A New York Supreme Court judge has upheld a local municipality’s ban on hydraulic fracturing (fracking) drilling. According to a Bloomberg report today, Judge Phillip Rumsey denied a motion from Anschutz Exploration Corp., which filed a lawsuit against Town of Dryden in September 2011, shortly after local officials there passed a ban on fracking drilling […]
A New York Supreme Court judge has upheld a local municipality’s ban on hydraulic fracturing (fracking) drilling.
According to a Bloomberg report today, Judge Phillip Rumsey denied a motion from Anschutz Exploration Corp., which filed a lawsuit against Town of Dryden in September 2011, shortly after local officials there passed a ban on fracking drilling within the town’s limits. The ban was enacted several months after New York Gov. Andrew Cuomo lifted a moratorium on drilling in some parts of the state. Rumsey said state laws did not pre-empt Dryden’s ban, the basis for the Denver, Colo., company’s lawsuit.
Dryden’s ban was similar to that passed in about 20 other local municipalities in New York, according to the report. These municipalities and local officials are passing bans on fracking drilling as reaction to the hunch that state laws will soon allow more widespread drilling. They’re worried state officials do not share similar concerns of local leaders about the potential health and environmental dangers of fracking drilling while state officials seem more vulnerable to strong lobbying efforts on the part of the oil and natural gas industries to allow drilling.

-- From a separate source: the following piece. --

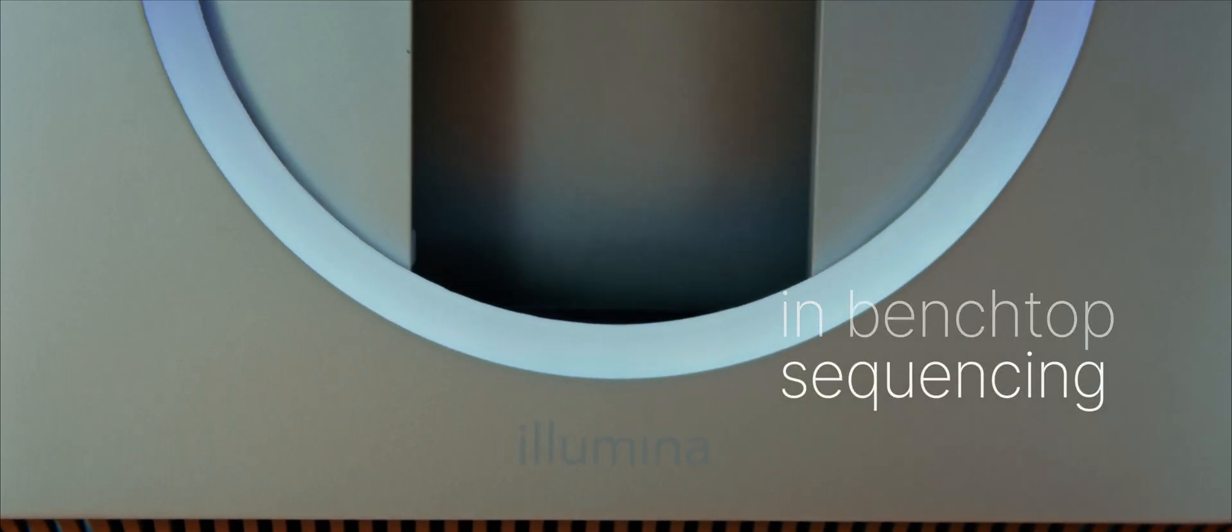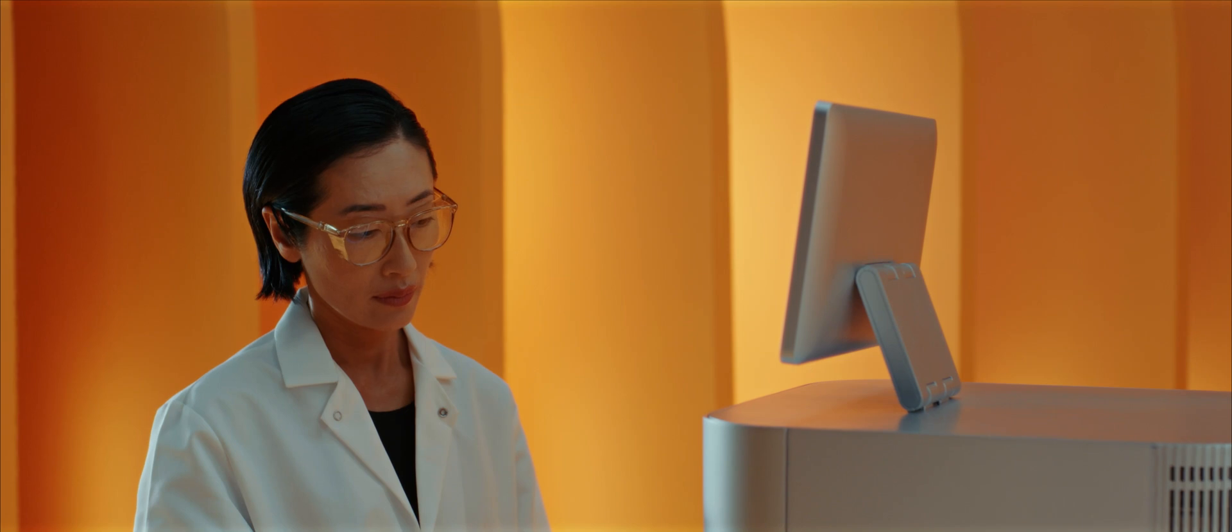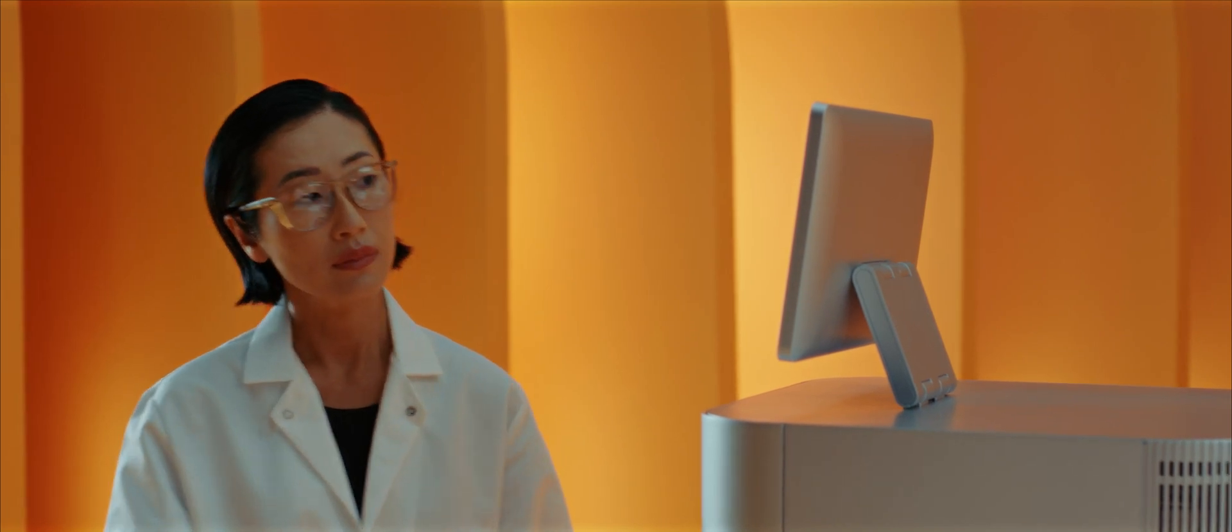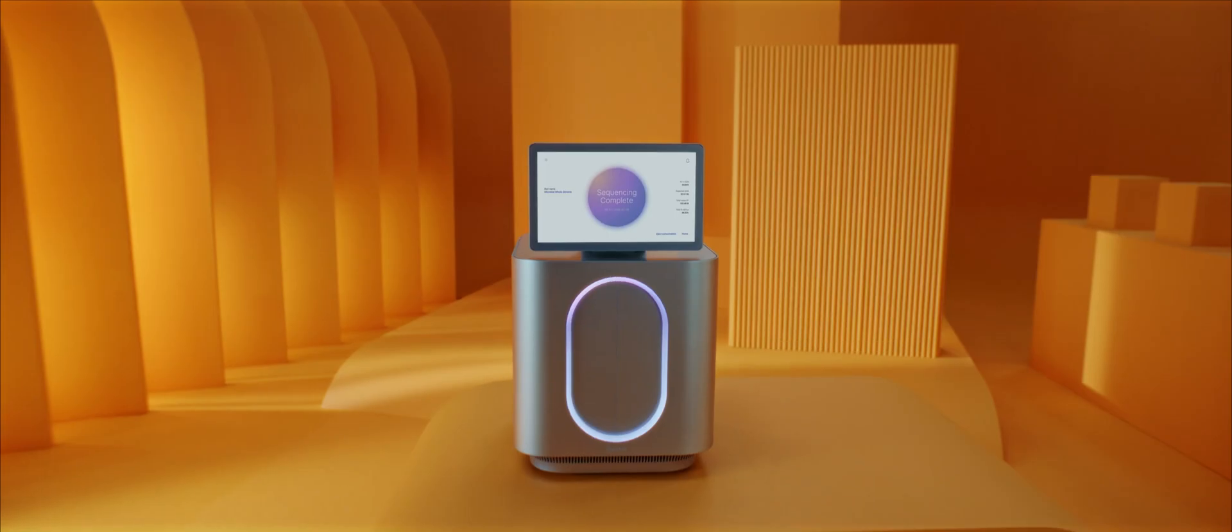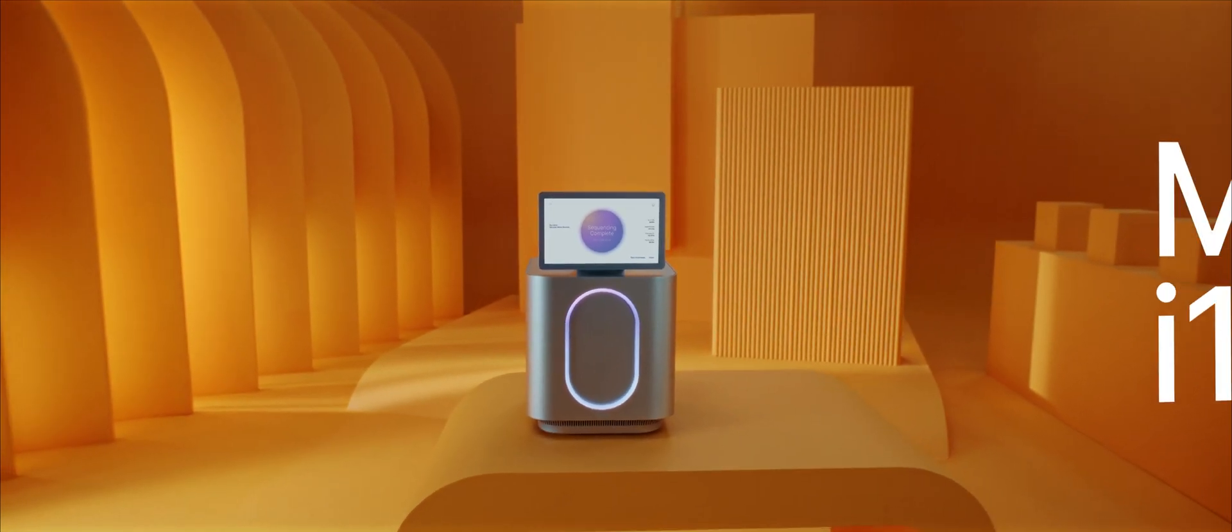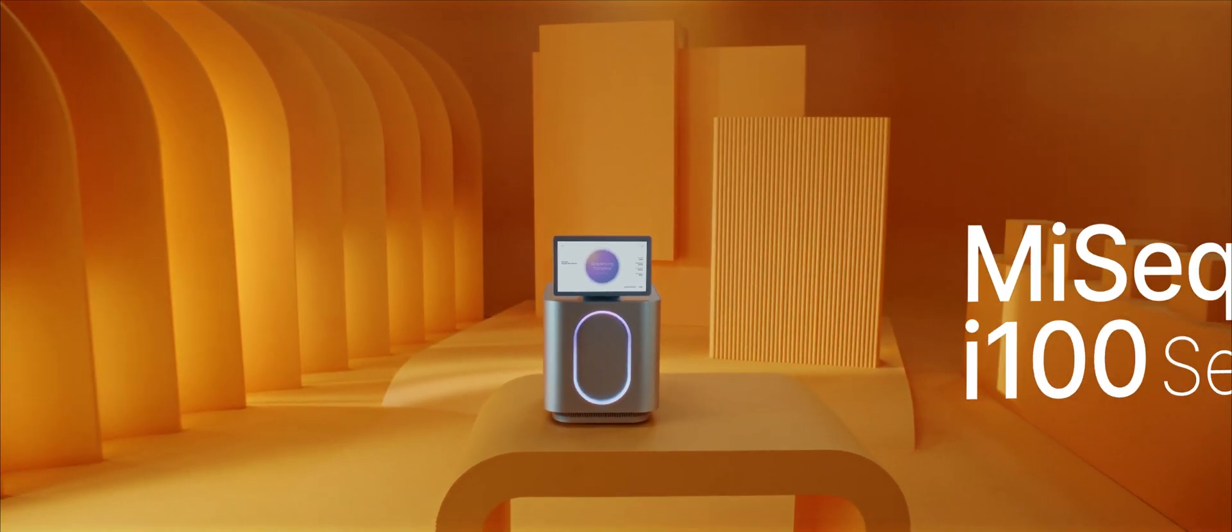This is the highest standard in benchtop sequencing. This is sequencing for every lab. This is the MySeq i100 series.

Dryden sits atop the massive Marcellus Shale formation, a multi-state underground bed of rock believed to contain more than $3 trillion in hidden natural gas reserves. By employing the fracking process, natural gas explorers can extract the resource from the rock but not without posing serious threats to local health and environment.
Fracking works by ushering a drill, thousands of gallons of fresh water, sand and a mix of more than 600 chemicals into an underground well shaft until it reaches the rock formation about a mile or two below the surface. When the materials reach the destination, the rock is blasted apart, releasing the natural gas. Everything rushed into the wells is forced back out and supposed to be fully captured.
Problems arise most often through poorly constructed wells which allow these drilling materials to leak through seams and into the ground, eventually contaminating ground water supplies. Many previous reports suggest people living with an active fracking well face the most serious risk of health problems and environmental contamination. In neighboring Pennsylvania, where state and local laws are often too lax to block fracking drilling and thousands of wells are in operation or have been proposed, dozens of residents believe the controversial drilling process has led to contamination of their private water wells with methane gas and other harmful toxins which has, in some cases, rendered private water supplies completely useless.
Fracking has also been blamed on localized air pollution and for contaminating nearby streams and creeks which gradually flow into public water supplies. Poorly constructed wells have led to more problems than the drilling process normally would create.
At the core of most fracking debates is the unwillingness of drilling companies to disclose the materials they use in the fracking process. There are about five dozen of the 600 chemicals used in the fracking process which are believed to be known toxins but are agents which the industry hides as “trade secrets” in evading any attempts made to force full disclosure of them.
Anschultz maintains the option to appeal the state Supreme Court’s decision but an attorney representing the company told Bloomberg said he wasn’t sure if the driller would exercise that option.